Etschberg is an Ortsgemeinde – a municipality belonging to a Verbandsgemeinde, a kind of collective municipality – in the Kusel district in Rhineland-Palatinate, Germany. It belongs to the Verbandsgemeinde of Kusel, whose seat is in the like-named town.



The municipality lies in the Kusel Musikantenland (“Minstrels’ Land”) in the Western Palatinate, in the northerly shelter of a ridge stretching southeastwards from the 402 m-high Odersberg (or Ödesberg). The Rödelsbach (brook) touches the village along the northern edge, then flowing east to the river Glan. Surrounded by gardens and meadows with many fruit trees, Etschberg lies in a relatively small municipal area with an elevation ranging from 220 to 320 m above sea level. The broader area is rich in woodlands. Within the municipal area, the highest elevation is 380 m above sea level. An outstanding view over the village and the mountains of the Westrich, an historic region that encompasses areas in both Germany and France, can be had from the 402-metre-high peak of the Kreuzberg, although that lies outside the municipal limits in the neighbouring municipality of Schellweiler. The municipal area measures 345 ha, of which 107 ha is wooded.[2]

Neighbouring municipalities[edit]

Etschberg borders in the north on the municipality of Haschbach am Remigiusberg, in the east on the municipality of Theisbergstegen, in the south on the municipality of Rehweiler, in the southwest on the municipality of Hüffler and in the west on the municipality of Schellweiler.

Municipality’s layout[edit]

Originally, the houses in Etschberg stretched along a single road from the dale high up the slope. Since this road was from beginning to end rather steep and since in the days of draught animals this resulted in torment for the teams carting goods up the slope, a bypass road was built to the east around the village in the years 1924 to 1928. To this day, it is still called the neue Straße (“new road”). Besides agricultural estates from the 19th century, there are also workers’ houses, among which are so-called Musikantenhäuser (houses built by the travelling musicians, who were once quite numerous hereabouts). Among the newest houses are single-family dwellings. Because of the villagers’ readiness to beautify their village, favoured by the intact infrastructure, the village had some great successes between 1972 and 1981 in the contest Unser Dorf soll schöner werden (“Our village should become lovelier”).
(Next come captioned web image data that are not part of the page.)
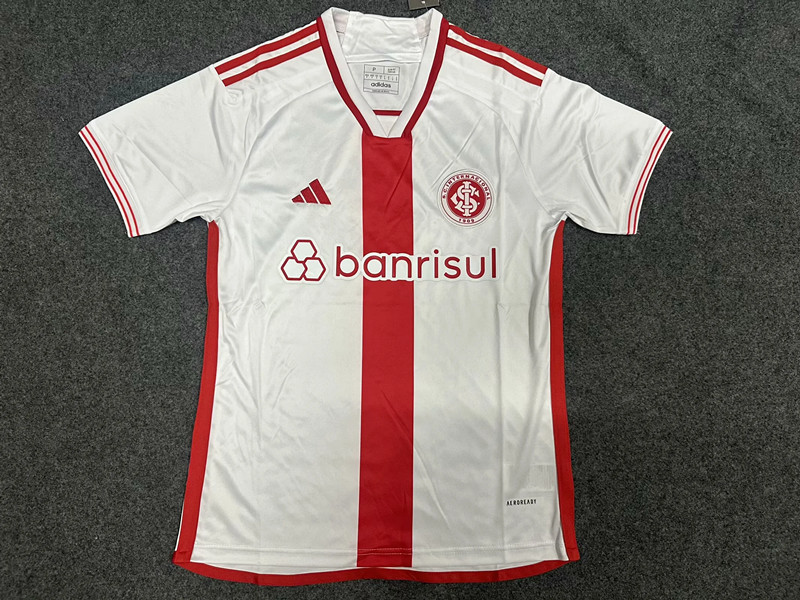 (S-4XL) 2024-2025 Brazil SC Internacional Away White Thailand Soccer Jersey AAA-GB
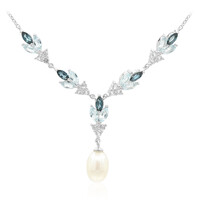 Süßwasserzuchtperlen-Silbercollier
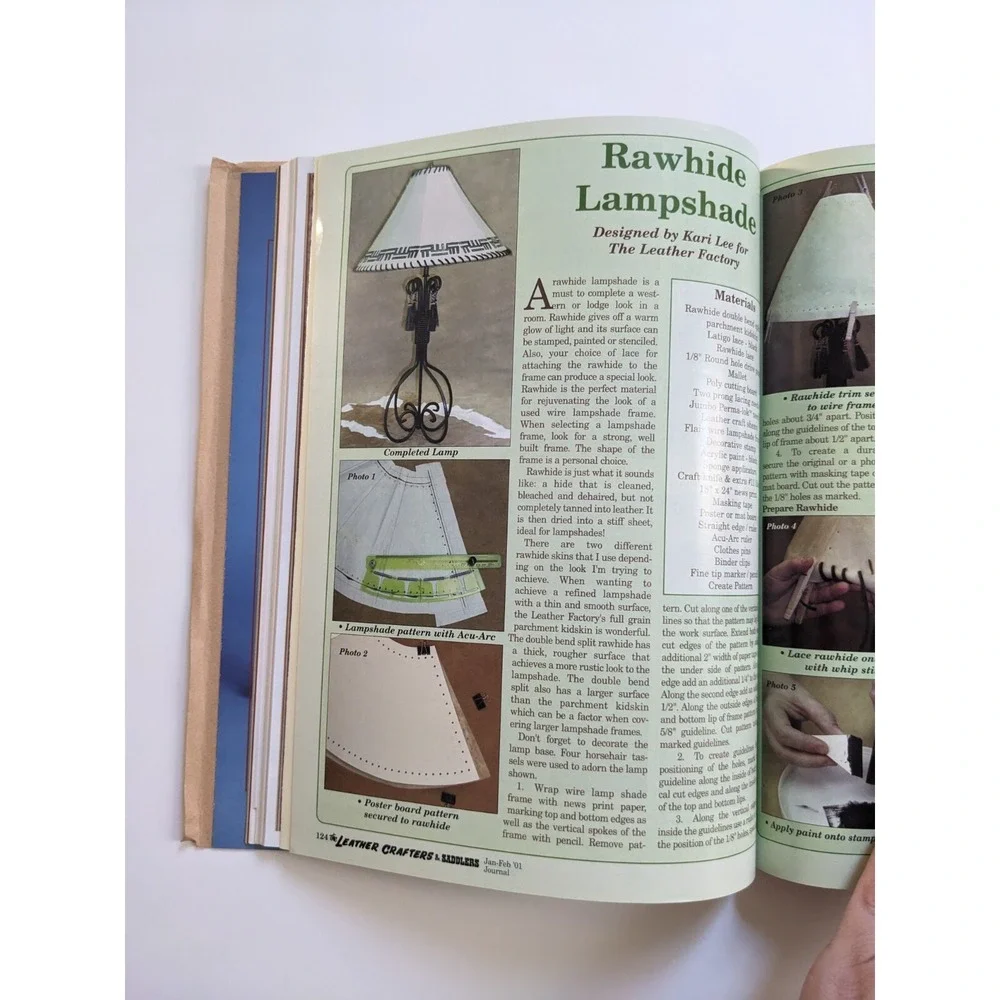 The Leather Crafters & Saddlers Journal Vol. 11‎ No. 1 Jan-Feb 2001 VTG Patterns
Etschberg was four times district winner as well placing high on other occasions, coming in second in regional and state competition. To a great extent through their own work, villagers have built a graveyard hall, a new sporting ground with a clubhouse, a children’s playground, a grilling pavilion, a village fountain and a village community centre with a multipurpose hall. The graveyard lies at the northern entrance to the village. The sporting ground with its clubhouse is laid out on the heights above the village next to the Kreisstraße that runs towards Schellweiler.[3]
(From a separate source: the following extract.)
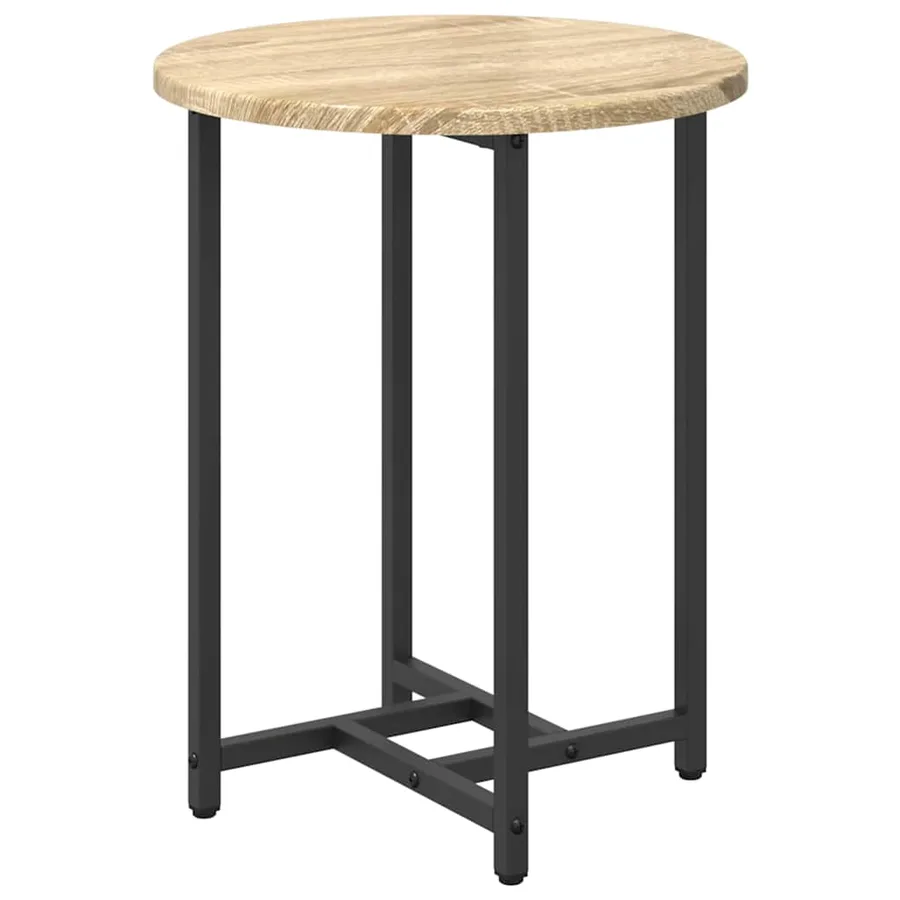 Ensemble de tables d'appoint 2 pcs Chêne Sonoma et noir - 6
The Etschberg area was settled in both prehistoric and Gallo-Roman times, bearing witness to which are local archaeological finds. These mainly take the shape of the Iron Age barrows below the Kreuzberg’s peak within Schellweiler’s municipal limits, another in the cadastral area called Winterhell within Kusel’s limits, the cremation graveyard within Haschbach’s limits and finds from Roman times, foremost those unearthed in and around the neighbouring town of Kusel.[4]

Middle Ages[edit]

Etschberg was founded at an unknown time, at least 200 years before its thus far first known documentary mention from 1364. Etschberg lay in the so-called Remigiusland, which was transferred in 1112 to the Counts of Veldenz as a Schutzvogtei (that is, the Counts became its protectors). According to the 1364 document, all villages in the Amt of Altenglan-Brücken, and thus also Etschberg, had to materially support the newlyweds Heinrich III of Veldenz and Lauretta of Sponheim, who had chosen Lichtenberg Castle as their seat. Surviving is a mediaeval Weistum (a Weistumcognate with English wisdom – was a legal pronouncement issued by men learned in law in the Middle Ages and early modern times) from Etschberg whose text likely dates from the 16th century (1546?). Even before Etschberg was mentioned, the name of the now vanished village of Leidenstall cropped up in a document, according to which the villages of Leidenstall and Eisenbach were to pay a tax of seven solidi in Electoral-Trier currency to the Schultheiß of Kusel. In 1546, the Leidenstaller Hube (a rural area) was still mentioned; it had to pay 28 Mittel of oats to the Gracious Lord. Etschberg remained with the County of Veldenz until 1444 when the last count died without a male heir. His daughter Anna inherited the county, but not the comital title. Her husband Count Palatine Stephan then took it and, combining it with his own holdings, founded the County Palatine of Zweibrücken, which would come to be known as the Duchy of Palatinate-Zweibrücken.[5]

Modern times[edit]

Etschberg shared Palatinate-Zweibrücken’s history until that state was swept away in the events of the French Revolution. There is no record of how many villagers survived the grimmest times in the Thirty Years' War; it could not have been many. Nevertheless, the 1646 Kusel church register lists a marriage, and each year, children were regularly being born. On the other hand, since no burials are listed until 1668 (twenty years after the war ended), it can be assumed that the villagers back then were young families who had come to Etschberg to repopulate it. As a result of French King Louis XIV’s wars of conquest, Etschberg was listed in 1775 as “burnt”. During the 18th century the village recovered.[6]

Recent times[edit]

Etschberg lay in French times from 1801 to 1814 in the Department of Sarre, the Arrondissement of Birkenfeld, the Canton of Kusel and the Mairie (“Mayoralty”) of Quirnbach. In the time that followed, when the Kingdom of Bavaria held sway, it lay within the Bayerischer Rheinkreis – the part of the Rhineland that the Congress of Vienna had awarded to Bavaria – in the Landkommissariat (district), Canton and Bürgermeisterei (“Mayoralty”) of Kusel. During the 1849 Palatine-Badish Uprising, the cantonal defence board gathered together 19 young men who had been recruited for the first contingent of Revolutionary troops. In the course of the events, which did not go the Revolutionaries’ way, these men were, however, not deployed.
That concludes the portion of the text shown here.